Short descriptive text snippets:

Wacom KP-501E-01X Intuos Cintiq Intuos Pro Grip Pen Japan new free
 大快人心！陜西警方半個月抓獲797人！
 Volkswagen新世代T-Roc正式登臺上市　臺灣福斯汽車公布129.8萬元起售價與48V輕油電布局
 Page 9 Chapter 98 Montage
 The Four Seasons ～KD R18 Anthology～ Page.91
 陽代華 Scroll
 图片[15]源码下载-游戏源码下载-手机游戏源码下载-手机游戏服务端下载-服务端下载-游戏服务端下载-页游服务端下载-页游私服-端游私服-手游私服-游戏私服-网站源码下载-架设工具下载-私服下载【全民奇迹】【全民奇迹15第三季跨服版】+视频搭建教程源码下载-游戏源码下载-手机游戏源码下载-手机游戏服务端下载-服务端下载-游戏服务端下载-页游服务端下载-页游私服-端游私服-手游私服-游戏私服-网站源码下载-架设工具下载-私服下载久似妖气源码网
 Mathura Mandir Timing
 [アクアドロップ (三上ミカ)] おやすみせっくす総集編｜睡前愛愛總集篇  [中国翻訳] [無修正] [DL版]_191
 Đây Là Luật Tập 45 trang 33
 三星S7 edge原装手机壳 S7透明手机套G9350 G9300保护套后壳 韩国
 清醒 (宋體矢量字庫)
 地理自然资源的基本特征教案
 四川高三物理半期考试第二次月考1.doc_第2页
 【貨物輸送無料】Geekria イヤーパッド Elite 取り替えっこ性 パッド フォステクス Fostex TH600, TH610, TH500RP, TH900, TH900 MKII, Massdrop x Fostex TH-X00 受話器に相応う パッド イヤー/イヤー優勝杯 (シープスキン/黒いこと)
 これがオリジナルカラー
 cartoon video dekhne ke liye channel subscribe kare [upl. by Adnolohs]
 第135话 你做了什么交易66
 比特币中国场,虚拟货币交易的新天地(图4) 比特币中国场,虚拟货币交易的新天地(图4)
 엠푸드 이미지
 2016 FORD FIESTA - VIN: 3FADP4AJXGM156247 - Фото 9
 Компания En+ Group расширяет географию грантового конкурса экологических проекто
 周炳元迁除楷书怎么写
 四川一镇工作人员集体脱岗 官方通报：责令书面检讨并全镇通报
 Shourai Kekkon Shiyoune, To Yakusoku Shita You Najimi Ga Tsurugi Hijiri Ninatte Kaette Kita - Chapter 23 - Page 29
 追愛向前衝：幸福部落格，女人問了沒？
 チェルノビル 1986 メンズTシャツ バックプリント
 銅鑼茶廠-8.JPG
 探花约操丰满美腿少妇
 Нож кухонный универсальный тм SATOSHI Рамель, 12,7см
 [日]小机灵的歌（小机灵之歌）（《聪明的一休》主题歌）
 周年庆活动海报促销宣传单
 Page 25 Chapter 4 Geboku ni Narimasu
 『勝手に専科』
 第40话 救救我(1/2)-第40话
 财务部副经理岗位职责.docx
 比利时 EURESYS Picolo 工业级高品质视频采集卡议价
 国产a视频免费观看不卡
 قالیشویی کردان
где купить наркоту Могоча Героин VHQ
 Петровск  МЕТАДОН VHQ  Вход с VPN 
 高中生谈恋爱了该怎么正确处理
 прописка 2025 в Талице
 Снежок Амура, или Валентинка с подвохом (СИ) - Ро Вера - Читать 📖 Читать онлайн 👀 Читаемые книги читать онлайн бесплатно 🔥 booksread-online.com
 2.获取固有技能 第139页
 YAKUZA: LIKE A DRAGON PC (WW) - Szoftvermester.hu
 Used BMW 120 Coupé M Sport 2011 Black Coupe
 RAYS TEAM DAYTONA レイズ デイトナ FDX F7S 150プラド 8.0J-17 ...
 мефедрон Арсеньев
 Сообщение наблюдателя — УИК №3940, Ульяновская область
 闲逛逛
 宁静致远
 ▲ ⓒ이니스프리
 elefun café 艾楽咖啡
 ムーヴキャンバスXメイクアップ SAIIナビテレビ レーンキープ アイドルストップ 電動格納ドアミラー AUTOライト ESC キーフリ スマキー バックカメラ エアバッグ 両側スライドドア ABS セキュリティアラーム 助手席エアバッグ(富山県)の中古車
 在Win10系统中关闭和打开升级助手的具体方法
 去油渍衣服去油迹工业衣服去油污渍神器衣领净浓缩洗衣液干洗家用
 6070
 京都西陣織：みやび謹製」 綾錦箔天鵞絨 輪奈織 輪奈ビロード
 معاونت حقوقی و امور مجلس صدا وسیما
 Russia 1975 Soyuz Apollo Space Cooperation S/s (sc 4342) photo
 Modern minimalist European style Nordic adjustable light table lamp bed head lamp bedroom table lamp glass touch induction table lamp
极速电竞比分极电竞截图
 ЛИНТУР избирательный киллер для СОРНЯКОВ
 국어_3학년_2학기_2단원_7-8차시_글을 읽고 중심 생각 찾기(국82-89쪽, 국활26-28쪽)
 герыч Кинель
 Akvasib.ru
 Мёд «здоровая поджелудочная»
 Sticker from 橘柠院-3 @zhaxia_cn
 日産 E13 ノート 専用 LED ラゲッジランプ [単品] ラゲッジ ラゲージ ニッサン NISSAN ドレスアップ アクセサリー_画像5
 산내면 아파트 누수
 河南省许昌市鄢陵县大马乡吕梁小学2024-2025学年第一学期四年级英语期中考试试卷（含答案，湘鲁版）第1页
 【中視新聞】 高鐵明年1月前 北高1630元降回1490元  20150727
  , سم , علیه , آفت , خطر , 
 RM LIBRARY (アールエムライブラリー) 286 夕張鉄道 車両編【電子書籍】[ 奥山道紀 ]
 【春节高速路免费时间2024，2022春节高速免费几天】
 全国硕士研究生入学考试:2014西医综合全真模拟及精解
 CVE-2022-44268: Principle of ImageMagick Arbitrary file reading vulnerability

### WHAT IS BEING ASKED
The whole of the data must be given back word for word.

### TASK SOLUTION
Wacom KP-501E-01X Intuos Cintiq Intuos Pro Grip Pen Japan new free
 大快人心！陜西警方半個月抓獲797人！
 Volkswagen新世代T-Roc正式登臺上市　臺灣福斯汽車公布129.8萬元起售價與48V輕油電布局
 Page 9 Chapter 98 Montage
 The Four Seasons ～KD R18 Anthology～ Page.91
 陽代華 Scroll
 图片[15]源码下载-游戏源码下载-手机游戏源码下载-手机游戏服务端下载-服务端下载-游戏服务端下载-页游服务端下载-页游私服-端游私服-手游私服-游戏私服-网站源码下载-架设工具下载-私服下载【全民奇迹】【全民奇迹15第三季跨服版】+视频搭建教程源码下载-游戏源码下载-手机游戏源码下载-手机游戏服务端下载-服务端下载-游戏服务端下载-页游服务端下载-页游私服-端游私服-手游私服-游戏私服-网站源码下载-架设工具下载-私服下载久似妖气源码网
 Mathura Mandir Timing
 [アクアドロップ (三上ミカ)] おやすみせっくす総集編｜睡前愛愛總集篇  [中国翻訳] [無修正] [DL版]_191
 Đây Là Luật Tập 45 trang 33
 三星S7 edge原装手机壳 S7透明手机套G9350 G9300保护套后壳 韩国
 清醒 (宋體矢量字庫)
 地理自然资源的基本特征教案
 四川高三物理半期考试第二次月考1.doc_第2页
 【貨物輸送無料】Geekria イヤーパッド Elite 取り替えっこ性 パッド フォステクス Fostex TH600, TH610, TH500RP, TH900, TH900 MKII, Massdrop x Fostex TH-X00 受話器に相応う パッド イヤー/イヤー優勝杯 (シープスキン/黒いこと)
 これがオリジナルカラー
 cartoon video dekhne ke liye channel subscribe kare [upl. by Adnolohs]
 第135话 你做了什么交易66
 比特币中国场,虚拟货币交易的新天地(图4) 比特币中国场,虚拟货币交易的新天地(图4)
 엠푸드 이미지
 2016 FORD FIESTA - VIN: 3FADP4AJXGM156247 - Фото 9
 Компания En+ Group расширяет географию грантового конкурса экологических проекто
 周炳元迁除楷书怎么写
 四川一镇工作人员集体脱岗 官方通报：责令书面检讨并全镇通报
 Shourai Kekkon Shiyoune, To Yakusoku Shita You Najimi Ga Tsurugi Hijiri Ninatte Kaette Kita - Chapter 23 - Page 29
 追愛向前衝：幸福部落格，女人問了沒？
 チェルノビル 1986 メンズTシャツ バックプリント
 銅鑼茶廠-8.JPG
 探花约操丰满美腿少妇
 Нож кухонный универсальный тм SATOSHI Рамель, 12,7см
 [日]小机灵的歌（小机灵之歌）（《聪明的一休》主题歌）
 周年庆活动海报促销宣传单
 Page 25 Chapter 4 Geboku ni Narimasu
 『勝手に専科』
 第40话 救救我(1/2)-第40话
 财务部副经理岗位职责.docx
 比利时 EURESYS Picolo 工业级高品质视频采集卡议价
 国产a视频免费观看不卡
 قالیشویی کردان
где купить наркоту Могоча Героин VHQ
 Петровск  МЕТАДОН VHQ  Вход с VPN 
 高中生谈恋爱了该怎么正确处理
 прописка 2025 в Талице
 Снежок Амура, или Валентинка с подвохом (СИ) - Ро Вера - Читать 📖 Читать онлайн 👀 Читаемые книги читать онлайн бесплатно 🔥 booksread-online.com
 2.获取固有技能 第139页
 YAKUZA: LIKE A DRAGON PC (WW) - Szoftvermester.hu
 Used BMW 120 Coupé M Sport 2011 Black Coupe
 RAYS TEAM DAYTONA レイズ デイトナ FDX F7S 150プラド 8.0J-17 ...
 мефедрон Арсеньев
 Сообщение наблюдателя — УИК №3940, Ульяновская область
 闲逛逛
 宁静致远
 ▲ ⓒ이니스프리
 elefun café 艾楽咖啡
 ムーヴキャンバスXメイクアップ SAIIナビテレビ レーンキープ アイドルストップ 電動格納ドアミラー AUTOライト ESC キーフリ スマキー バックカメラ エアバッグ 両側スライドドア ABS セキュリティアラーム 助手席エアバッグ(富山県)の中古車
 在Win10系统中关闭和打开升级助手的具体方法
 去油渍衣服去油迹工业衣服去油污渍神器衣领净浓缩洗衣液干洗家用
 6070
 京都西陣織：みやび謹製」 綾錦箔天鵞絨 輪奈織 輪奈ビロード
 معاونت حقوقی و امور مجلس صدا وسیما
 Russia 1975 Soyuz Apollo Space Cooperation S/s (sc 4342) photo
 Modern minimalist European style Nordic adjustable light table lamp bed head lamp bedroom table lamp glass touch induction table lamp
极速电竞比分极电竞截图
 ЛИНТУР избирательный киллер для СОРНЯКОВ
 국어_3학년_2학기_2단원_7-8차시_글을 읽고 중심 생각 찾기(국82-89쪽, 국활26-28쪽)
 герыч Кинель
 Akvasib.ru
 Мёд «здоровая поджелудочная»
 Sticker from 橘柠院-3 @zhaxia_cn
 日産 E13 ノート 専用 LED ラゲッジランプ [単品] ラゲッジ ラゲージ ニッサン NISSAN ドレスアップ アクセサリー_画像5
 산내면 아파트 누수
 河南省许昌市鄢陵县大马乡吕梁小学2024-2025学年第一学期四年级英语期中考试试卷（含答案，湘鲁版）第1页
 【中視新聞】 高鐵明年1月前 北高1630元降回1490元  20150727
  , سم , علیه , آفت , خطر , 
 RM LIBRARY (アールエムライブラリー) 286 夕張鉄道 車両編【電子書籍】[ 奥山道紀 ]
 【春节高速路免费时间2024，2022春节高速免费几天】
 全国硕士研究生入学考试:2014西医综合全真模拟及精解
 CVE-2022-44268: Principle of ImageMagick Arbitrary file reading vulnerability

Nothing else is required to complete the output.